Electrochemical Cell Potentials

The electrochemical cell potentials (\( E^\circ \)), also known as standard reduction potentials, are measures of the tendency of a chemical species to gain electrons and thereby be reduced. The more positive the reduction potential, the greater the species' affinity for electrons. In a redox reaction, the species with the higher reduction potential will undergo reduction, while the one with the lower potential will be oxidized.

In the provided exercise, different pairs of half-reactions combine to form complete redox reactions.
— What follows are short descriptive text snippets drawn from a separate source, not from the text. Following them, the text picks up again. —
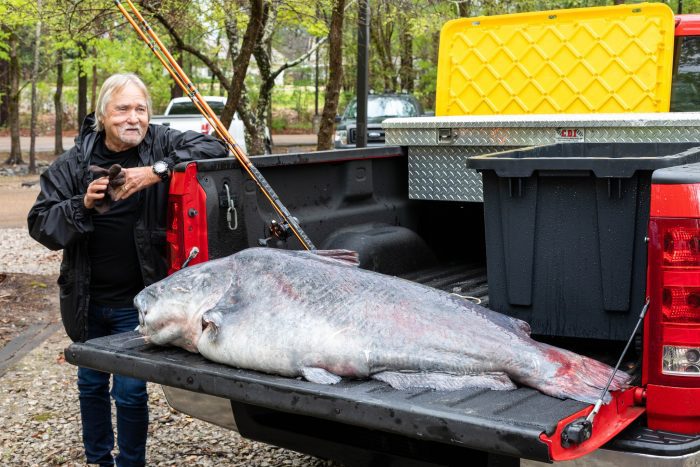 Blue Catfish State Record Broken in Mississippi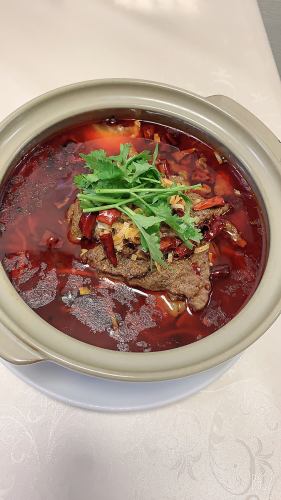 Sichuan-style stewed beef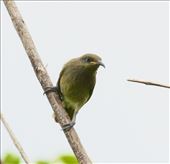 New Caledonian Myzomela: by graynomadsusa, Views[330]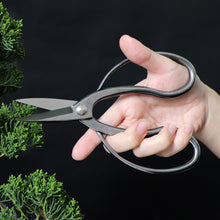 Load image into Gallery viewer, Traditional Bonsai Scissors 7&quot;(180mm) Stainless Steel
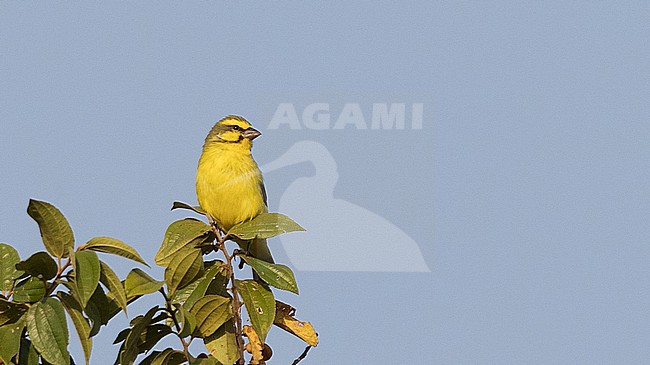 Yellow-fronted canary (Serinus mozambicus) introduced and perched in a tree stock-image by Agami/Ian Davies,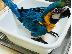 PoulaTo: Beautiful Baby macaw parrot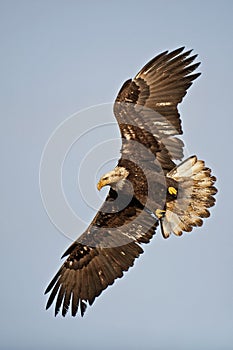 Immature Bald Eagle turning in flight image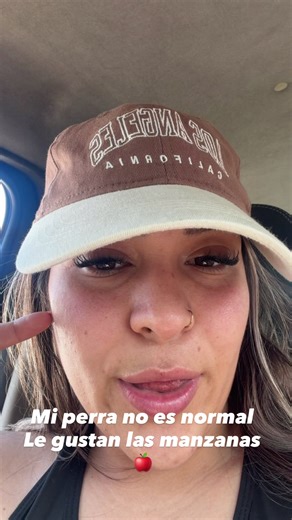 Cloe come manzana 🍎 🐶 #veracruz #foryoupage #popular #perro #therian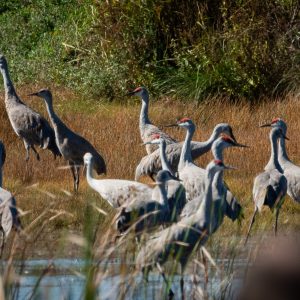 Reserva Natural Baños de San Ignacio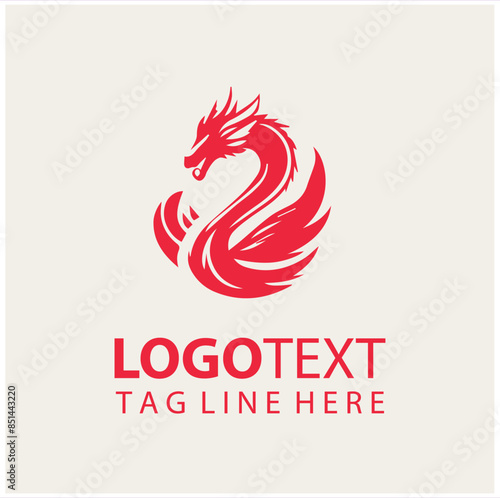 Dragon Logo Vector Illustrations 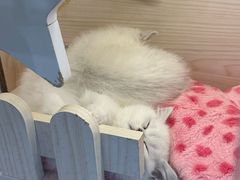 -柚子猫舍·精品猫舍购猫·猫咪认养·购宠·宠物店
The cell potential for each reaction is determined by subtracting the reduction potential of the oxidizing agent from the potential of the reducing agent. It's important to ensure that electrons are balanced when combining half-reactions. A positive cell potential indicates a spontaneous reaction under standard conditions, while a negative potential represents a non-spontaneous reaction. This concept is pivotal in predicting the direction of redox reactions and designing electrochemical cells such as batteries.